31 200 VIII
Vaststelling van de begrotingsstaten van het Ministerie van Onderwijs, Cultuur en Wetenschap (VIII) voor het jaar 2008

nr. 207
BRIEF VAN DE ONDERWIJSRAAD

Aan de Voorzitter van de Tweede Kamer der Staten-Generaal

Den Haag, 3 september 2008

Met genoegen biedt de raad u hierbij zijn advies Onderwijs en open leermiddelen aan1. Hiermee beantwoordt de raad de adviesaanvraag van de Tweede Kamer van 29 juni 2007 (Kamerstuk 30 800 VIII, nr. 145. Het besluit om over te gaan tot de adviesaanvraag aan de Onderwijsraad heeft plaatsgevonden op 26 juni 2007. Zie de Handelingen der Kamer II, vergaderjaar 2006–2007, nr. 85, 26 juni 2007, blz. 4669).

In het advies wijst de raad vooral op drie zaken.

• Er is sinds 1980 veel geïnvesteerd in het gebruik van ict in het onderwijs. Er zijn heel wat resultaten geboekt, tegelijkertijd zijn er grote verschillen tussen de onderwijsinstellingen waar het gaat om de inzet van ict.

• De technologische ontwikkeling is buitengewoon boeiend en gaat bijzonder snel. Voor het onderwijs is het niet altijd eenvoudig om de technologiegedreven ontwikkeling in te passen.
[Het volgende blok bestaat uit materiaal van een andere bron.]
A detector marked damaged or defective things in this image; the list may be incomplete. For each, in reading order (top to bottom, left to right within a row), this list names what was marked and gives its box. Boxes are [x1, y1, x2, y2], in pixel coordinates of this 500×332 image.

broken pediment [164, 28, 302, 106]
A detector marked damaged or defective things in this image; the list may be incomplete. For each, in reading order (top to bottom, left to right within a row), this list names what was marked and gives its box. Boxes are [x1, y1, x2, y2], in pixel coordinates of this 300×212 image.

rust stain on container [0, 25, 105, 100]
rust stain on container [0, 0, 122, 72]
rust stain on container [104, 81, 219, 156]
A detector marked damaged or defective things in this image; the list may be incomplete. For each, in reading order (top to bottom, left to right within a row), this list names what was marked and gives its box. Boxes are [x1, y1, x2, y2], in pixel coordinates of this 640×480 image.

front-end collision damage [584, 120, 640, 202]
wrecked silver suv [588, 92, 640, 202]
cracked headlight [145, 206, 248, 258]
• Het onderwijs kan het zich niet veroorloven de afstand tot de zich verder digitaliserende samenleving te groot te laten worden. Onderwijs heeft als taak leerlingen en studenten adequaat voor te bereiden op de samenleving als geheel, dus ook op de voortgaande digitalisering van diensten en bedrijven.

De raad beveelt de Kamer aan de aandacht op drie aspecten te richten.
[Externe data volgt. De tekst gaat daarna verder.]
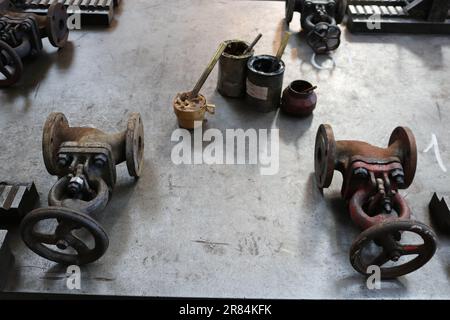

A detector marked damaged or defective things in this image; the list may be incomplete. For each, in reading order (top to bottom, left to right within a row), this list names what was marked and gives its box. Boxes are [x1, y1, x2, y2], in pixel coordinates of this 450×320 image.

• De bereidheid van leraren en docenten om open te staan voor de mogelijkheden van ict neemt toe. Het is daarom nu een goed moment om op nationale schaal het gebruik van open leermiddelen te ondersteunen en leraren en docenten te belonen bij het arrangeren en soms zelf ontwikkelen van digitale leermiddelen.
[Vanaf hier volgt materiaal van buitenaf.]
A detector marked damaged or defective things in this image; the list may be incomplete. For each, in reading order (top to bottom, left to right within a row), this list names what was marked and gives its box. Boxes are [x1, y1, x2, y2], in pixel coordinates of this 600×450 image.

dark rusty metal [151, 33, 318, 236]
• Het is zeer de moeite waard door middel van een «business case» de mogelijkheden van de overgang naar een systeem van (veel meer) open leermiddelen te onderzoeken. Daarbij dienen alle geldelijke middelen en middelen in natura die reeds worden ingezet voor het ontwikkelen en het toepassingsgeschikt maken van leermiddelen, te worden meegenomen. De raad betrekt daarbij uitdrukkelijk de aanwending van schoolboekengelden.

• De invoering van open leermiddelen vraagt om nadere bezinning en politieke stellingname ten aanzien van enkele juridische en bedrijfseconomische aspecten. Een gemengde werkgroep met deelnemers uit beleid en praktijk en specifieke deskundigen kan hierbij naar de mening van de raad behulpzaam zijn.

Ten slotte geeft de raad de Kamer in overweging het rapporteurschap op dit onderwerp nader gestalte te geven.

Met beleefde groet,

Prof. dr. A.M.L. van Wieringen

Voorzitter

Drs. A. van der Rest

Secretaris


XNoot
1

Ter inzage gelegd bij het Centraal Informatiepunt Tweede Kamer.